STORY歩み、仲間

2022.06.30 私たちに決意させたもの
ある養蜂家との出会い

ご縁というのは不思議なものです。2022年2月、弊社の代表・松山剛己と私たちの取り組みを、テレビ番組で約1時間ご紹介いただきました。反響は私たちの想像をはるかに超えたもので、皆大慌てしつつもうれしく、お客様に製品をお届けしました。また、お手紙をくださった方もいらっしゃいました。そのなかのおひとりが、これからお話しする愛媛県の養蜂家さんと私たちつなげてくださったのです。

「私たちも養蜂を」という思い

実は山神果樹薬草園では、いずれは養蜂も始めたいと考えていました。山神果樹薬草園のある佐那河内村は、すだちやみかんの栽培が盛んです。季節になると村中で柑橘の花が咲きます。養蜂も盛んで、山神果樹薬草園の周辺にも巣箱が置かれ、花の時期にはセイヨウミツバチが忙しそうに、巣箱と外を行ったり来たりしています。そんな光景を見るにつけ芽生えた、私たちのなかのごく素朴な「いつか養蜂も始めたい」という思い。それを秘めて、愛媛県伊予市の藤田養蜂場さんを訪ねました。

 

砂糖の蜜はすべて抜き取る

藤田養蜂場では、代表の吾野真史(あのまさふみ)さんが、養蜂のことをイチから聞かせてくれました。特に印象深かったのが、「砂糖の蜜はすべて取り除く」ということです。花が咲かず蜜源がない季節、ミツバチはどうしていると思われますか。実は、砂糖水で育てられています。これも蜂蜜であり、流通している市場もあるそうですが、吾野さんによると、砂糖の蜂蜜と花の蜂蜜では味が全然違うとのこと。花の季節が来ると、砂糖の蜂蜜と花の蜂蜜が混じるため、しっかり味見をして、砂糖の蜜の味が抜けきったことを確認し、風味豊かなものにしているとのことでした。「ひと手間かけて美味しいものを」。この姿勢に、私たちはとても共感しました。

 

吾野さんが教えてくれた養蜂の問題点

吾野さんは、養蜂の知識がほとんどない私たちの質問に一つ一つに、優しく丁寧に答えてくれます。その様子はとても楽しそう。ちなみに、ミツバチは飼い主に似るといわれていて、藤田養蜂場のミツバチはむやみに人を刺したりしない、穏やかな性格なのだそうです。そんな吾野さんが少し顔を曇らせたのは、養蜂の世界で生じている問題についてのお話の時でした。蜜源となる花は、開花時期や開花場所が、花の種類ごとに異なっています。そのため、全国の養蜂協会によって、養蜂家各々のテリトリーが決められています。ところが、ネットで簡単に巣箱を購入できるようになった昨今、趣味程度で養蜂をする人が増え、勝手に巣箱を置いてしまうなど、ルールが破られ、各地で問題になっているとのことでした。

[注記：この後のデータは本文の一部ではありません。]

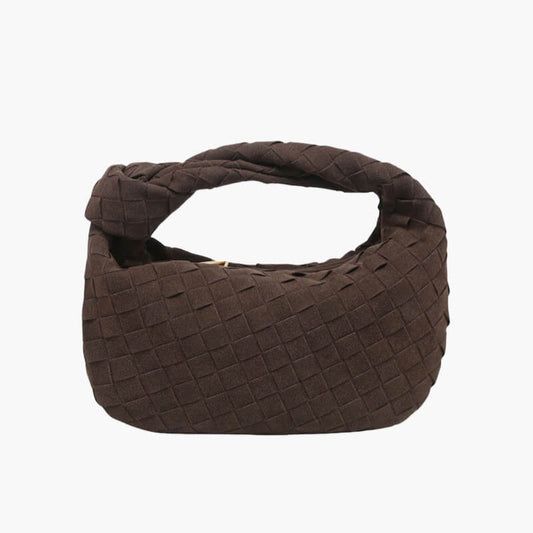 Elsa Mini Suede Bag Woven Knot Handbag with Gold Accents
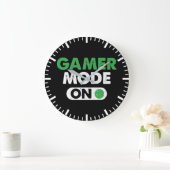 Gamer Mode On - Funny Video Gamer, Gaming Humor ラージ壁時計 (ホーム)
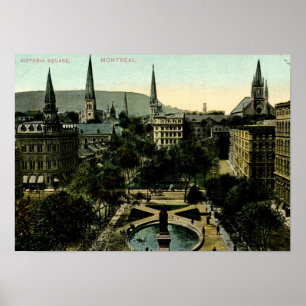 Póster Plaza Victoria, Montreal Vintage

そして、何より問題になっているのは農薬です。実に傷がつかないよう、開花の時期、果樹には農薬(殺虫剤)を散布します。それによって、害虫ではない、益虫であるミツバチも死んでしまうのです。開花時期の殺虫剤の散布は、ヨーロッパなどでは使用禁止になっていますが、日本では規制されていないのが現状です。

 

ミツバチが飛び回る農園を

吾野さんにお話を伺い、私たちにとって養蜂はとてもハードルが高いものであることを実感しました。その一方で、自分たちにできることに、まずは専心しようという気持ちになりました。山神果樹薬草園では、これまで苗木に対してのみ、梅雨明けに最低限の量と希釈率で殺虫剤を散布してきました。苗木は成木とは異なり、1本についている葉の数が少なく、1枚無くなってしまうだけで光合成が阻害され、成長に影響が出てしまうからです。そうして手をかけた苗木のうち、2019年に植え付けたものは、無事に背丈ほどにまで成長しました。

そこで、これからは有機JAS認証の取得に向けて、区画を分け、少しずつ完全有機農法の面積を増やすことに方針を切り替えました。慣行農法から完全有機農法への転換、有機JASの取得。山神果樹薬草園は、立ち上げ時からこれらを目指してきましたが、吾野さんに聞いたお話にも後押しされ、いよいよ着手に踏み切りました。これからは苗木の成長を見守りながら、一歩一歩、山に登るように、ミツバチはもちろん、さまざまな昆虫、植物、生き物がいる、生物多様性のある農園をつくり、営みを続けていきたいと思っています。